Alte Holzkisten und Regenrinnen, ausrangierte Blumentöpfe und sogar Einkaufstüten finden als Pflanzkübel neue Verwendung: Ein umfunktioniertes Fass aus dem Chemieunterricht und einige Gartenschläuche ermöglichen die Bewässerung. Beim "Urban Gardening"-Projekt am Schwabacher Wolfram-von-Eschenbach-Gymnasium stehen Re- und Upcycling auf dem Programm. Die Ethikklasse der zehnten Jahrgangsstufe will ihre Schule ein Stückchen grüner machen. "Warum sollte ich meinen Schülern das Thema Wirtschaftsethik nur theoretisch beibringen, wenn sie doch viel mehr durch die Praxis lernen können?", sagt Lehrerin Katharina Bluhme.

Damit ihr Engagement auch Früchte trägt, erhalten die Schüler praktische Tipps von einem Mann vom Fach. "Am besten baut ihr schnellwachsende Pflanzen wie Erdbeeren, Salat oder Kräuter an", erklärt Heino Schwarz den Jugendlichen im Klassenzimmer. Der erfahrene Gärtnermeister und Florist aus Schwabach kennt sich auch mit der Geschichte dieser besonderen Form der Landwirtschaft aus - nicht im Gewächshaus oder auf dem Acker, sondern mitten im Wohngebiet.

Wie das Urban Gardening in Kuba entstand

"Die Wurzeln des 'Urban Gardening' liegen in der Karibik", erklärt der Mann mit dem grünen Daumen: "Vor mehr als zwanzig Jahren entstand in Kuba die städtische Landwirtschaft." Mit dem Zerfall der Sowjetunion - dem wichtigsten Unterstützer des Inselstaats - brach Anfang der 1990er Jahre die Ölversorgung des Landes ein. "Die Wirtschaftskrise hat zu Engpässen in der Lebensmittelversorgung geführt", berichtet Schwarz. "Ohne Erdöl konnten keine Erntefahrzeuge betrieben werden, auch Pestizide und Düngemittel wurden knapp. Die maschinelle Landwirtschaft war am Boden."

Als Antwort auf die katastrophale Versorgungslage habe die sozialistische Regierung Kubas die urbane Landwirtschaft per Gesetz angeordnet. "Um das Überleben auch ohne große Nutzfahrzeuge und Maschinen zu sichern, hat man versucht, jede irgendwie geeignete Fläche für den Anbau zu nutzen", sagt Schwarz. "Egal ob auf Mauern, Dächern oder dem Balkon - überall haben die Menschen fleißig gepflanzt. Und sie tun es noch heute."

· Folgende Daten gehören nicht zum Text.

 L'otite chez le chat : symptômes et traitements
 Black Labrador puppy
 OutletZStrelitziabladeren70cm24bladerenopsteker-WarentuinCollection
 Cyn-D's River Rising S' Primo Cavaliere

In Kuba leistet das "Urban Gardening" nach wie vor einen wichtigen Beitrag zur Lebensmittelversorgung. Geringe Kosten, hoher Ertrag. Laut dem deutschen Bundeszentrum für Ernährung (BZfE) erzeugt der urbane Gartenbau heute zwei Drittel des in der Hauptstadt Havanna konsumierten Gemüses.

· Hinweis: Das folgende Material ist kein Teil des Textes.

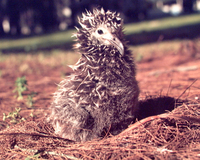: Phoebastria immutabilis; Lysan Albatross Young Chick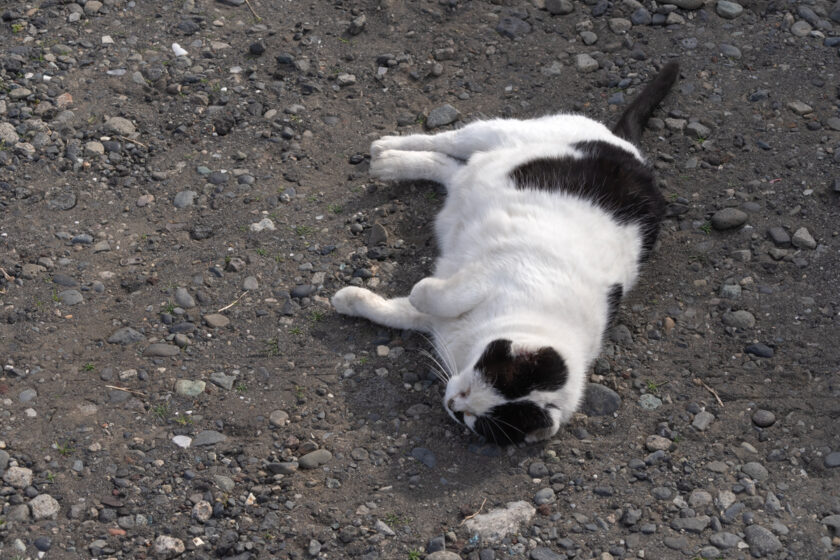 大島町の猫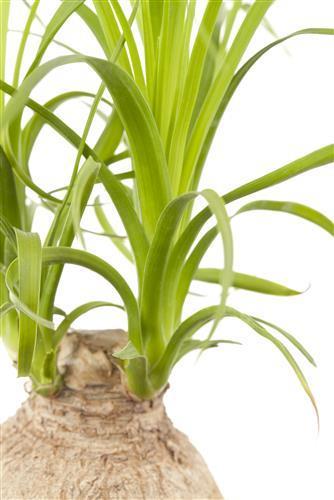 Produktbild Elefantenfuss (60 cm)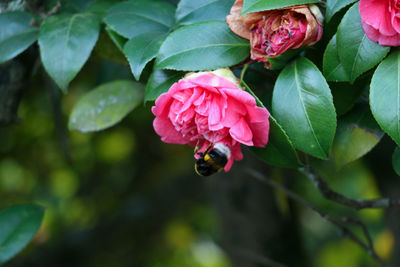 Close-up of bee on pink rose blooming outdoors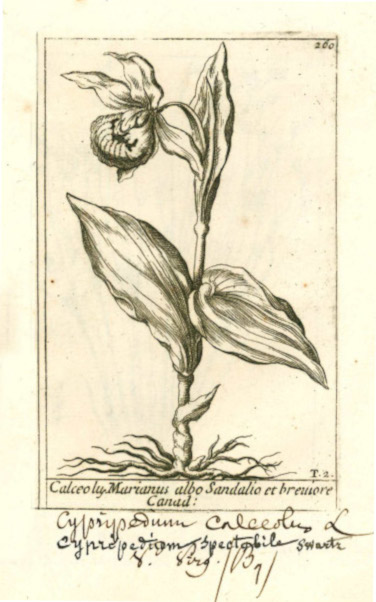 orchidbarla2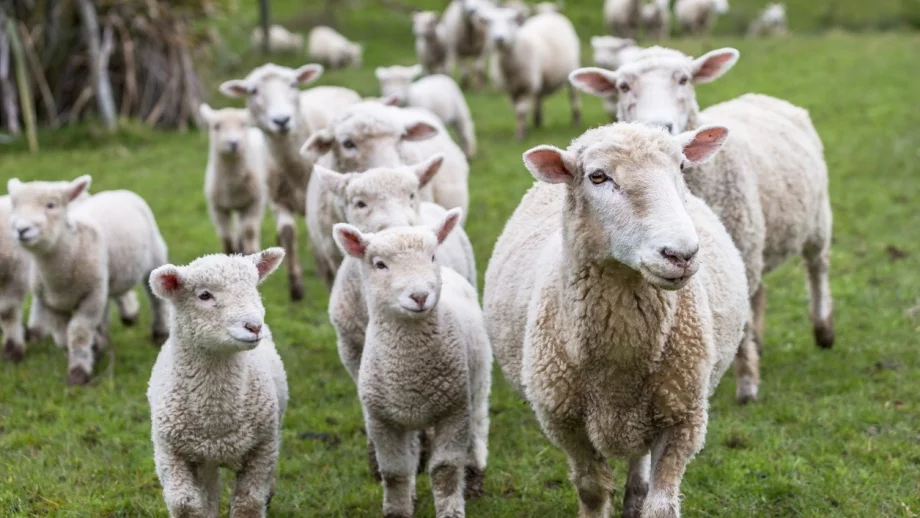 В България официално все още има чума по дребните животни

Wie sich Urban Gardening in der Welt verbreitete

Was sich in Kuba aus der Not heraus entwickelte, ist mittlerweile weltweit verbreitet. Das Notfallkonzept wurde zum Trend auch in den europäischen Staaten. Der Trend zur Bewegung. "'Urban Gardening' ist heute ein breitgefächerter Begriff", betont Gärtner Schwarz.

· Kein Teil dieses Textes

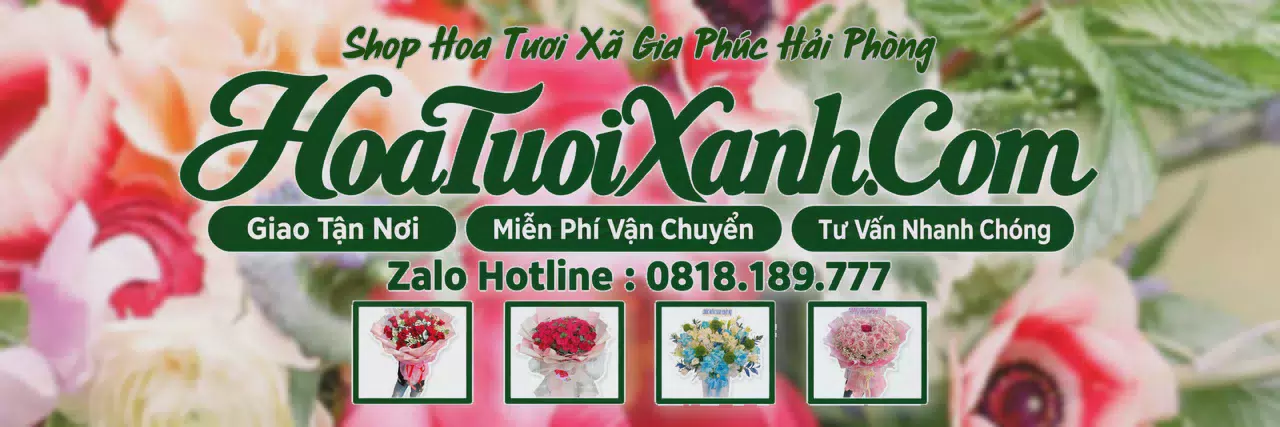 Ảnh bìa Tiệm Hoa Tươi Tại Xã Gia Phúc Hải Phòng, Đặt Hoa Tươi Theo Yêu Cầu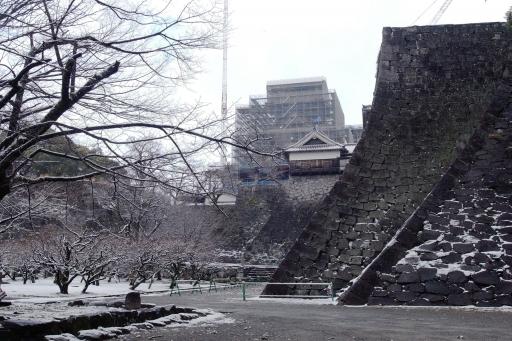 二様の石垣(地震後)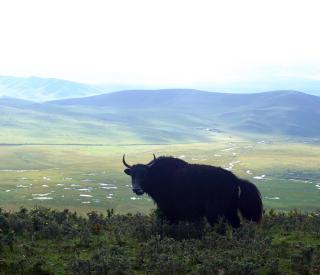 Tibetan Plateau grasslands support a variety of animals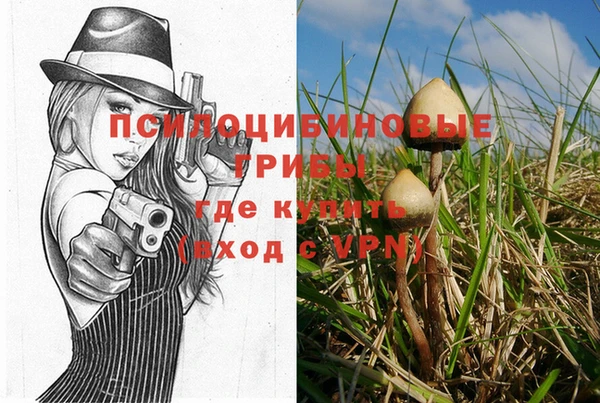 марки nbome Кукмор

Die Zukunft der Idee ist vielversprechend. In New York oder Tokyo wachsen sogenannte "Vertical Farms" aus dem Boden. Hochhaushohe Zylinder aus Glas und Stahl sollen in der Zukunft den Gemüseanbau im ganz großen Stil möglich machen - als Gewächshäuser zwischen Hauptverkehrsadern und Einkaufsmeilen. Noch werden nur einige wenige dieser hoch technisierten "Farmscraper" getestet. Die Versorgung einer Großstadt bleibt bislang eine Utopie, die Kosten sind enorm. "Solche Projekte können nur funktionieren, wenn sehr günstiger, umweltfreundlich erzeugter Strom zur Verfügung steht", vermutet Schwarz.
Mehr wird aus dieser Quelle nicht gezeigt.